By Patrick O'Connor
Seniors, I have some news-- college is going to have to wait. You’ve been drafted.
With this economy, Santa and Hanukah Harry have had to consolidate their workshops. Banks aren’t sure the merger will work, so the pre-holiday line of credit they need for inventory is being withheld, and the Federal government has refused to intervene. The globe’s gift-giving leaders are offering community service credit for anyone willing to pitch in and close the gap—and what college in their right mind is going to look past a letter of recommendation from the Big Two?
You’re busy with college applications, but helping out SC and HH won’t take very long—in fact, you don’t even have to leave your keyboard. Put your college essays aside for a second, and start a new document; the gift you need to give is heading to your high school counselor.
OK, now look—language like that is going to move you to the top of the Eternally Naughty list. I know it’s not all that cool to come out and ask for a present, and while this isn’t an easy thing to do, your counselor deserves this. I know some of you think they haven’t been all that much help with your college plans, but if you had 435 kids, I bet you’d have trouble remembering their birthdays, let alone where they’re applying to school...
…and don’t worry if you don’t know what they want—I have that all covered.
Vacation’s coming up, and with buddies home from college and family in from out of town, you may have to make some choices that were clear in Health class, but less so when they’re right in front of you. What your counselor wants this holiday season if for you to stick to your guns; college or no, you’ve got a future that will only be possible if you’re around to live it, and knowing you’re willing to do your part will make your counselor’s holiday.
The gift comes in two parts. First, copy and paste the following few lines, fill in the blanks, and e-mail it to your counselor (their e-mail is on the school Web site, just in case it’s not on your address list):
“Dear Counselor (putting their name in would be a nice touch, but do what you can):
Just so you know, I’ll take care of myself over the holidays. When I hang out with my college and high school buddies, I’ll use my head, and I’ll make sure somebody sober drives me home—same thing with family events. In fact, if Brad and Angelina split, and one of them pulls to the curb in a Porsche and asks me to go clubbing with them, I’m checking their BAC first—while I get a phone photo of me leaning on the Porsche, of course.
I hope this helps you sleep through the night over break. I’ll see you in two weeks.
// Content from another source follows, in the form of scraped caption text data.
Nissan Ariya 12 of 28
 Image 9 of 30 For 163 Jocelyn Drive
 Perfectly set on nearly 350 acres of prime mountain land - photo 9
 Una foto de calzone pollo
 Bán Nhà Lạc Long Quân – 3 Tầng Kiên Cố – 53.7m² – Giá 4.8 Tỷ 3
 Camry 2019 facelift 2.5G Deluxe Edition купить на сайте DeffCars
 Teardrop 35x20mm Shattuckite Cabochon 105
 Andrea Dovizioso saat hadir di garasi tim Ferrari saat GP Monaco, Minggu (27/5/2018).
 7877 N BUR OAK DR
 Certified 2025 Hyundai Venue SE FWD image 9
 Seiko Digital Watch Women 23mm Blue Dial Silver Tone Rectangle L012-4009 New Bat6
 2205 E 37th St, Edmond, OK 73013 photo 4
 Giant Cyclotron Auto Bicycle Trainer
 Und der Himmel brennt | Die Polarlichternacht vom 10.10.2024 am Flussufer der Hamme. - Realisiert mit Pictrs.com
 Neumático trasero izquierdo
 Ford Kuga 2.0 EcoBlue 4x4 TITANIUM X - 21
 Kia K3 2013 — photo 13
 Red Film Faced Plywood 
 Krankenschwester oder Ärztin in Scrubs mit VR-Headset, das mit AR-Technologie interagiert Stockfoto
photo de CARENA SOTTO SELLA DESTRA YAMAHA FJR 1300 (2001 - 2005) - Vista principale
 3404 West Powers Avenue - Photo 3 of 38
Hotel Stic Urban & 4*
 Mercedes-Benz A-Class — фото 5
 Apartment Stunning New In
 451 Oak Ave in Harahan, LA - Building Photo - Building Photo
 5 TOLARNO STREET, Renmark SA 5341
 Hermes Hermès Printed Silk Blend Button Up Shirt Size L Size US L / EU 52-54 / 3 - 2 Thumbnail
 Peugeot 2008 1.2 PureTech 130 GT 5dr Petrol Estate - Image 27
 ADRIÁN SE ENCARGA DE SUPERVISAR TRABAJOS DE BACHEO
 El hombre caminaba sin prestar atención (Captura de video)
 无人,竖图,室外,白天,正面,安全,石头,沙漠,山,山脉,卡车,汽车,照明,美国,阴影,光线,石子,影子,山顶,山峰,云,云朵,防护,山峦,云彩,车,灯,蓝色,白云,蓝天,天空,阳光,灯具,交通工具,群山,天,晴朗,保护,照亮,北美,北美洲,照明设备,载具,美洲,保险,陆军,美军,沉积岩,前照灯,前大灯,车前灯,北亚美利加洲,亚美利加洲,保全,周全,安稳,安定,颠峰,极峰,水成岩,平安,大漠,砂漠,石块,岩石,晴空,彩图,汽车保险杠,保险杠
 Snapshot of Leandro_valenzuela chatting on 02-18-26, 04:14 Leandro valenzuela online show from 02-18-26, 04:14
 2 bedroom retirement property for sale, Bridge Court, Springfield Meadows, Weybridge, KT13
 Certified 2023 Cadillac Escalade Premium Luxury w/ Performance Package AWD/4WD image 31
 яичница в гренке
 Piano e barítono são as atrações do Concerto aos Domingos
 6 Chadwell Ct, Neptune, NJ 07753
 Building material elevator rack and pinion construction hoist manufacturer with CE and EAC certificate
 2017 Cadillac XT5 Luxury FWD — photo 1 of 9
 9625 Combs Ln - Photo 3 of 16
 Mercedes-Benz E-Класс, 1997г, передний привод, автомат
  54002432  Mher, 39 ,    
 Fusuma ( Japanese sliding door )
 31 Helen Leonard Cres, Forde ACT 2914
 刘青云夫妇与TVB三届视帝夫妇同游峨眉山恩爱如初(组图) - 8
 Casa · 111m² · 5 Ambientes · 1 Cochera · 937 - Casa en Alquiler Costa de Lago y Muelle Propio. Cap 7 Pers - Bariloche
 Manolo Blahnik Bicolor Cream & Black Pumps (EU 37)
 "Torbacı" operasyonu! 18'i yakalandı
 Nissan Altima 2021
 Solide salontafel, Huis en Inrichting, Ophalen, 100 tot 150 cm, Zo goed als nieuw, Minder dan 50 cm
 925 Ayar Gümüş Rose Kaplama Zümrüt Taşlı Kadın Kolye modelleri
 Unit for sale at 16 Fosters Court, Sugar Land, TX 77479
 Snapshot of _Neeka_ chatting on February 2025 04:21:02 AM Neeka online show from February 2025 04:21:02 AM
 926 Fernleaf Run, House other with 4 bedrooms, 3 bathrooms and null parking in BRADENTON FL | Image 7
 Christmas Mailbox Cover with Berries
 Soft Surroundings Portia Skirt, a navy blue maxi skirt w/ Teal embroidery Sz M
I can see Santa and Harry smiling already—better yet, so is your counselor
Oh, right—the second thing you have to do? Mean it. They may not know your favorite color, but counselors didn’t go into this profession to do paperwork, and some of the work they’ve done to create opportunities for you is work you’ll never know about. Your school counselor may not be up there with Santa and Harry, but they’ve kept an eye out for you in their own way; think of this as their milk and cookies for the holidays, and we’ll all be better off.